More than a billion people subsist on less than a dollar a day
Nearly one-sixth of the world's population exists in extreme poverty -- defined by the United Nations as having less than one dollar a day to live on -- and the divide between the poor southern hemisphere and the wealthy north is becoming ever wider. In September 2000, the United Nations laid out seven goals it wanted to achieve in the new millennium. They included the eradication of extreme poverty, the reduction of child mortality and improving the health of mothers.
The world's leading industrial nations promised that they would increase spending on developmental aid to 0.7 percent of their gross domestic products by the year 2015. But there are few signs that they are on their way toward fulfilling that promise.
In Germany, for example, achieving that target would mean doubling the amount the country currently spends on developmental aid.
Aid decline after the Cold War
"I can't really see it happening at the moment," said Markus Löwe of the German Development Institute in Bonn.

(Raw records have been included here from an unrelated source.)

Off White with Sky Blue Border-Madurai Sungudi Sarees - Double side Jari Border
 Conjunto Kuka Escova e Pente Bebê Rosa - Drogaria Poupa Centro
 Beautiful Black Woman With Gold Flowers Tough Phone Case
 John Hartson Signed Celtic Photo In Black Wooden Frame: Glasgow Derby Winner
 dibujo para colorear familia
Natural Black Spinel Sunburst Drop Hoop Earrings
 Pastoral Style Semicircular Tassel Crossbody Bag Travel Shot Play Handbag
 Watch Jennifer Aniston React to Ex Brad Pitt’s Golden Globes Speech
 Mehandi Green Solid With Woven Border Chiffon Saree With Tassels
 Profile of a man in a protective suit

Expenditures have risen in the past few years, but that is primarily the result of debt-forgiveness programs. And the long-term picture is different. In the mid-1980s, public development aid in Germany stood at 0.5 percent of GDP. By 1998 that figure had fallen to 0.26 percent. This was due largely to the end of the Cold War, when Germany's shifting priorities led to a decline in development aid.
Norway, Sweden and the Netherlands have all met the 0.7 percent target. In comparison, Germany is lagging far behind.
Jeffrey D. Sachs hopes donors will meet their targets
Nonetheless, Jeffrey D. Sachs, the American economist who is the director of the United Nations Millennium Project, says he's confident that Germany will keep its promises. Berlin has also pledged to raise the percentage of its gross national product spent on aid to 0.56 percent by 2010 -- an important intermediary step toward the 2005 target.
But the UN's Special Envoy for HIV/AIDS in Africa, Stephan Lewis of Canada, is more cautious. "Jeffrey Sachs is simply accepting the words that were uttered by the German government at the Gleneagles summit in 2005," Lewis said. "He may well be right, but we won't know until 2015."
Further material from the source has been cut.